Comment by photonthug
Comment by photonthug 4 days ago
I do get the theoretical annoyance of how it’s technically not reproducible, but in practice most containers are pulled and not built from scratch. If you’re really concerned about that apt-get then besides a container registry you’re going to host a private package repository too, or install a versioned tarball from a public URL, but check the hash of whatever you’re downloading and put that hash in the dockerfile.
So in practice.. if the build described in the dockerfile breaks, you notice when you’re changing / extending the dockerfile.. which is the time and place where you’d expect to need to know. My guess is that most people complaining about deterministic builds for containers are not using registries for storing images, and are not deploying to platforms like k8s.
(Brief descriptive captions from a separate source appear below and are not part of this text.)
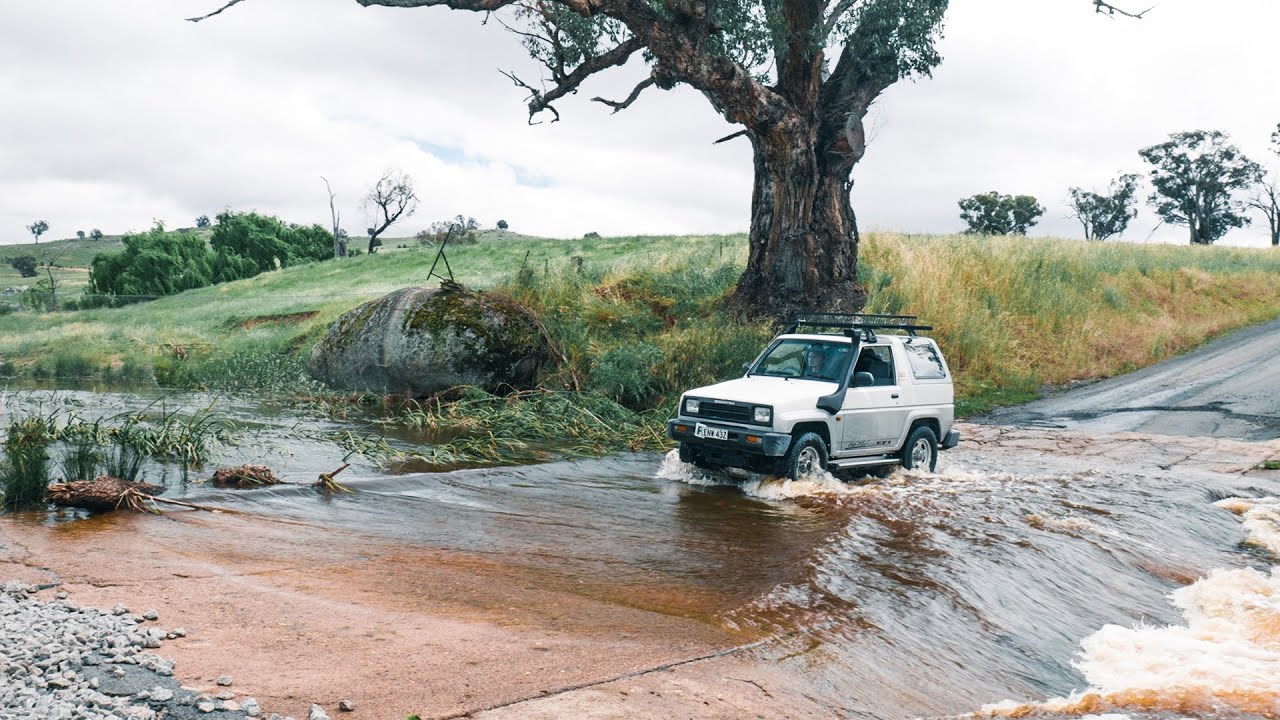 1992 DAIHATSU FEROZA tackles the Australian wilderness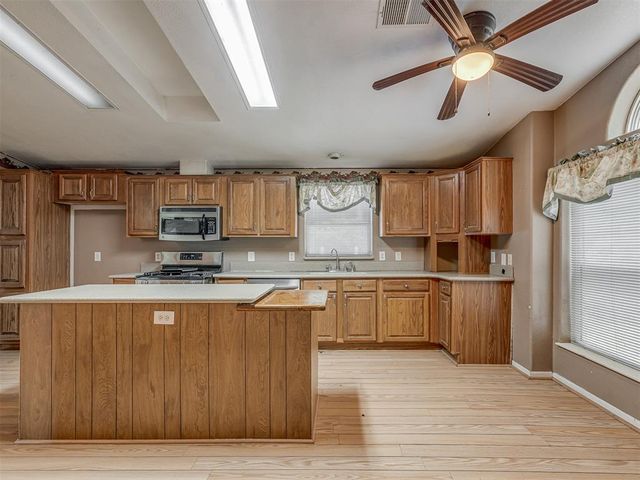 11714 Elora Circle, Blanchard, OK 73010
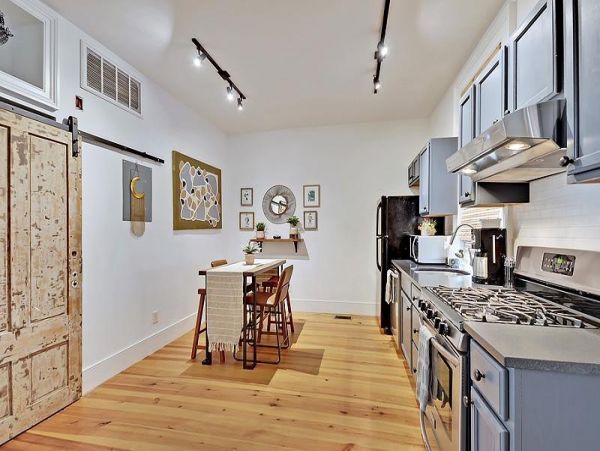 Charleston Home 1006036
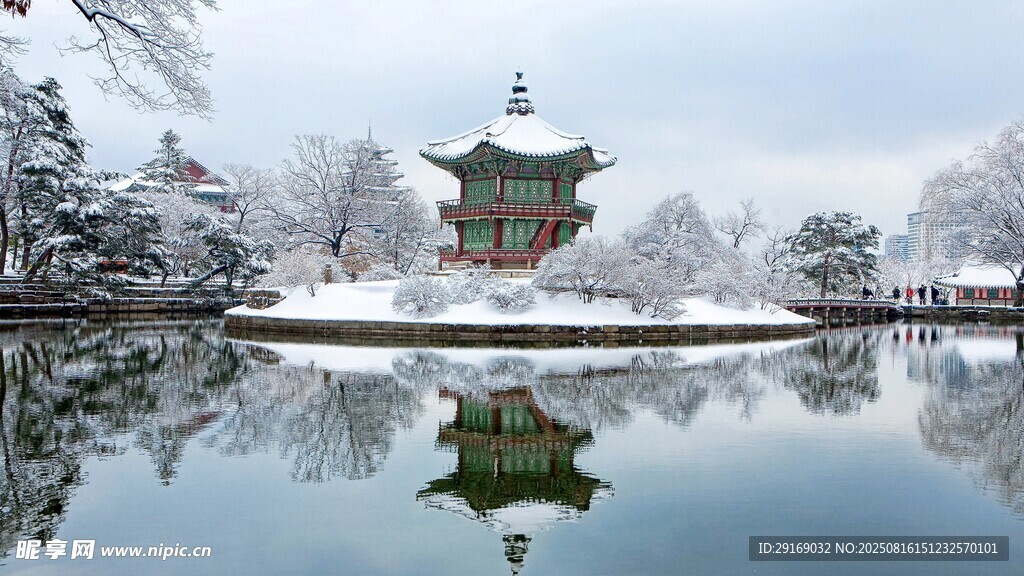 雪后湖畔古亭美景
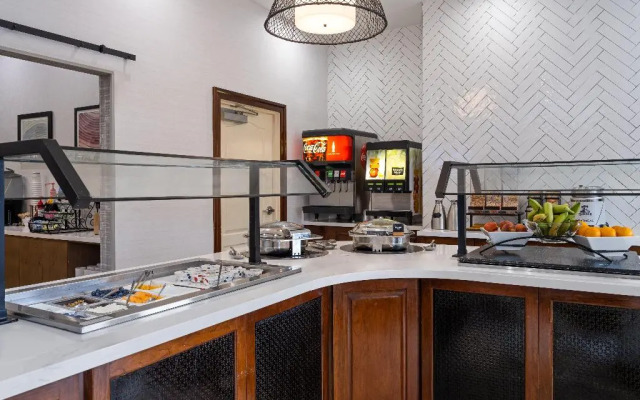 Staybridge Suites Rochester University by IHG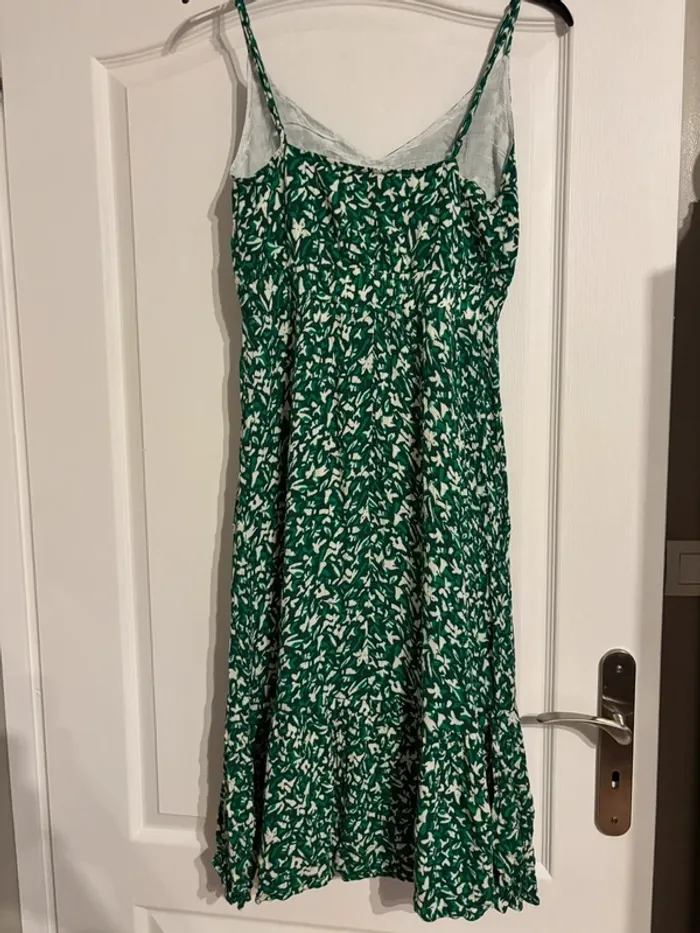 Robe longue verte - photo numéro 3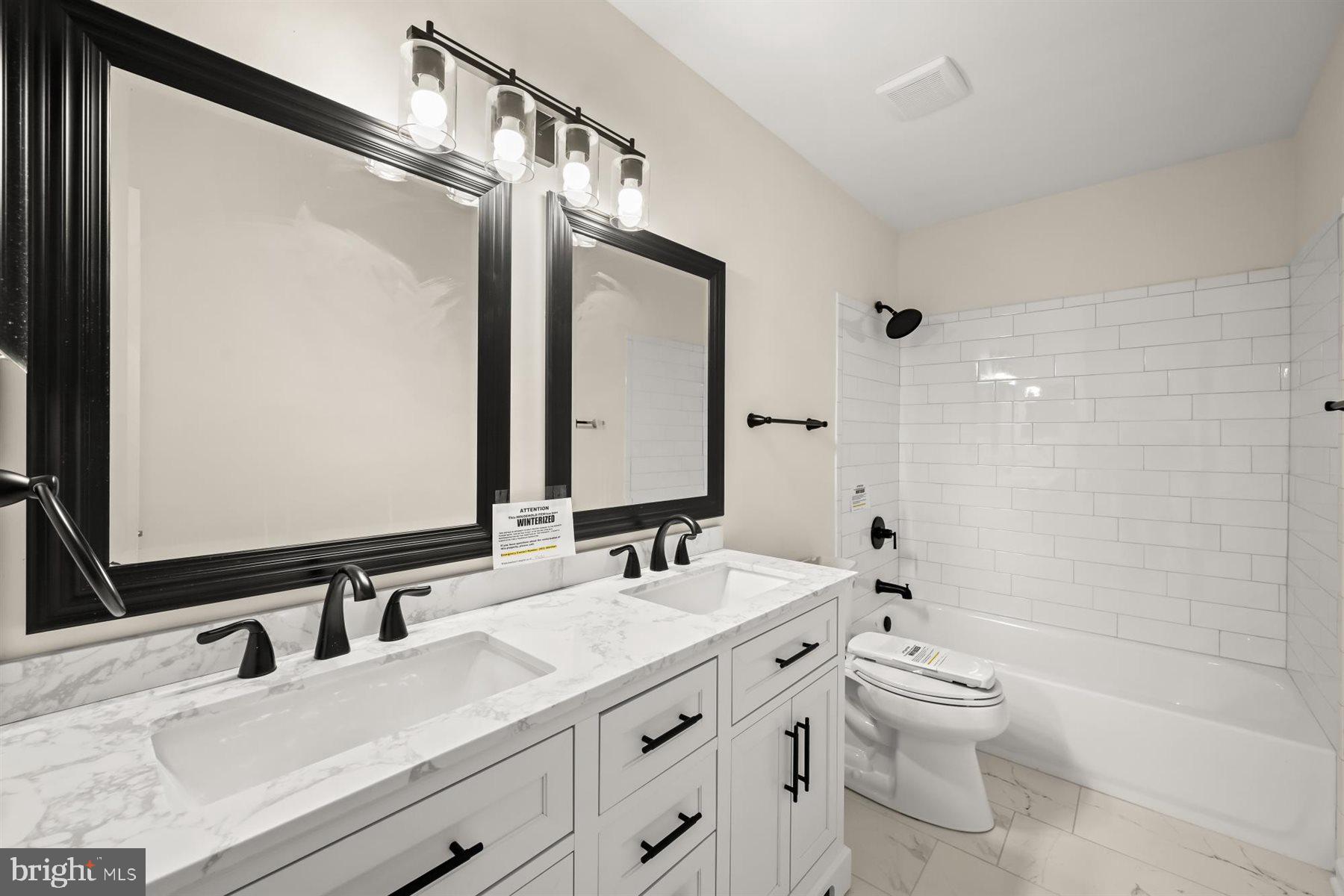 NAZARIO WOODS - Residential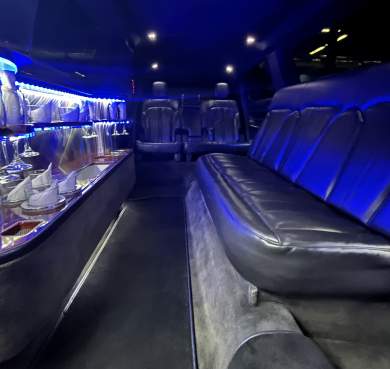 2013 Lincoln MKT 5Door Limousine for Sale in Richmond, Virginia, US - Photo 4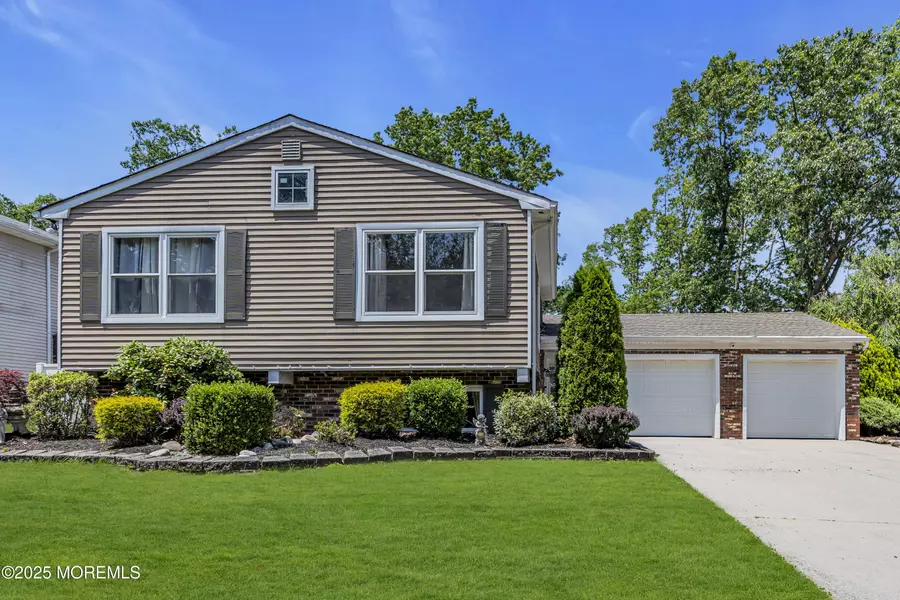 12 Silversmith Court, Howell, NJ 07731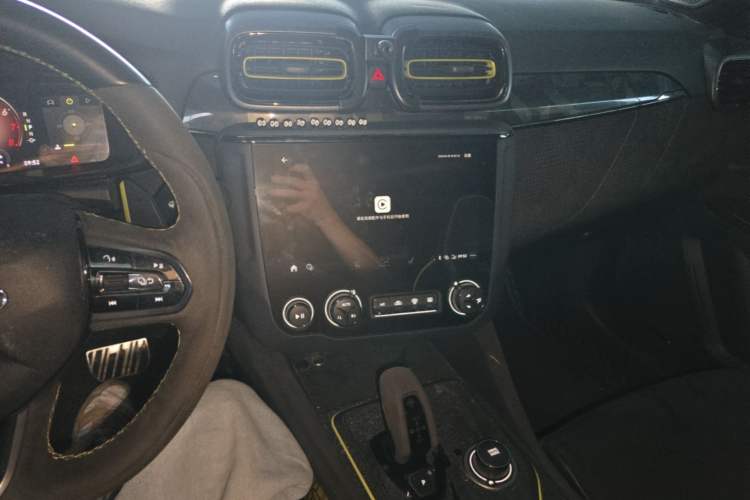 Used Lynk & Co 03 2021 03+ 2.0TD Automatic Wind-Chasing Edition Audio And AC Panel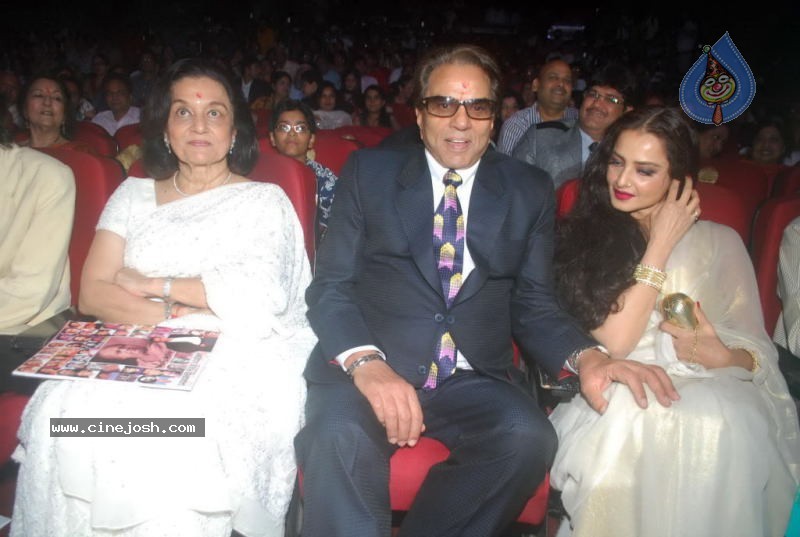 Celebs at Dadasaheb Phalke Academy Awards - 36 / 126 photos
If your process is, say, shipping dockerfiles to EC2 and building them in situ with “compose up” or something, then of course it won’t be very deterministic and you’re at the mercy of many more network failures, etc
> If you’re really concerned about that apt-get then besides a container registry you’re going to host a private package repository too, or install a versioned tarball from a public URL, but check the hash of whatever you’re downloading and put that hash in the dockerfile.
Right, but if you're doing that then you probably don't need to bother with the docker part at all.
> you notice when you’re changing / extending the dockerfile.. which is the time and place where you’d expect to need to know
You notice, sure, but you can't see what it was. Like, sure, it's better than it failing when you come to deploy it, but you're still in the position of having to do software archaeology to figure out how it ever worked in the first place.
Like, for me the main use case for reproducible builds is "I need to make a small change to this component that was made by someone who left the company 3 years ago and has been quietly running since then", and you want to be able to just run the build and be confident it's going to work. You don't necessarily need to build something byte-for-byte identical to the thing that's currently running, but you do need to build something equivalent. The reproducibility isn't important per se but the declarativeness is, and with Docker you don't get that.